Although she is grateful to have lessened her risk of developing ovarian cancer, this prevention measure has taken a toll on her life, in particular the surgery prompted premature menopause.
“I continue to be monitored for serious health associated risks with menopause including cardiovascular, cognitive and bone health. I have no natural breast tissue, no uterus, no ovaries. Yes, I feel less feminine. I am much more fortunate than my mother, and many others who have experienced or are experiencing ovarian cancer. Yet, more direct research is required for prevention because we deserve to have a choice.”

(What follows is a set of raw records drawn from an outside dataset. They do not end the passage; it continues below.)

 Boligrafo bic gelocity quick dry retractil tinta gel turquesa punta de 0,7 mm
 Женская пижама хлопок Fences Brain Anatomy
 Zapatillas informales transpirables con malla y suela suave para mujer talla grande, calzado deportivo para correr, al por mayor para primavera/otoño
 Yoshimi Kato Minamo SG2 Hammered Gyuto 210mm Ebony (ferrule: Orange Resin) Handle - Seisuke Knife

Understanding the root causes of and risk factors that contribute to ovarian cancer is important because when prevention means being informed and altering daily habits, rather than having to choose between the lesser of two evils, then prevention will be the best cure. The OCRF recognises this and is currently funding research that evaluates the role of hormones in the development of ovarian cancer, as well as collaborating on research that assesses lifestyle risk-factors.

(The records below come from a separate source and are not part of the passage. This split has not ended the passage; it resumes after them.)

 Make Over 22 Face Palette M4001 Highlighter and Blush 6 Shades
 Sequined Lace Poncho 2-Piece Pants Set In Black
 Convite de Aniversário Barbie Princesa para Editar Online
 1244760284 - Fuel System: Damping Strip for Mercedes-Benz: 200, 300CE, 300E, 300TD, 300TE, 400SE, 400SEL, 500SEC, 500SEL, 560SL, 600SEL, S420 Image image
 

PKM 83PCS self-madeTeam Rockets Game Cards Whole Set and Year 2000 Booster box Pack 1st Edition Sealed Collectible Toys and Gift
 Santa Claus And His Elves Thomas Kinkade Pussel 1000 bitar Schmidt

Taking ‘luck’ out of the equation
According to Cancer Australia, a woman has a 1 in 87 chance of being diagnosed with ovarian cancer by age 85. If she is diagnosed, she has a 48% chance of being alive five years later.
Due in part to ovarian cancer research being historically underfunded, ‘luck’ sadly continues to play a role in determining if someone is within that 48% or not — whether someone was ‘lucky’ to be diagnosed early, ‘lucky’ to be diagnosed with a subtype that may be more treatable, ‘lucky’ that they are one of the few whose cancer doesn’t recur. But no one is ‘lucky’ when it comes to ovarian cancer so survival shouldn’t come down to chance.
This is why the OCRF is as committed as ever to its strategy and funding across all areas of the disease, as ultimately this holistic approach will bring us closer to freeing women and girls from the threat of ovarian cancer. With the collaboration of government, the community, corporate and philanthropic Australia, in 2022 the OCRF looks forward to supporting researchers who, every day, get closer to ensuring luck is no longer part of the equation.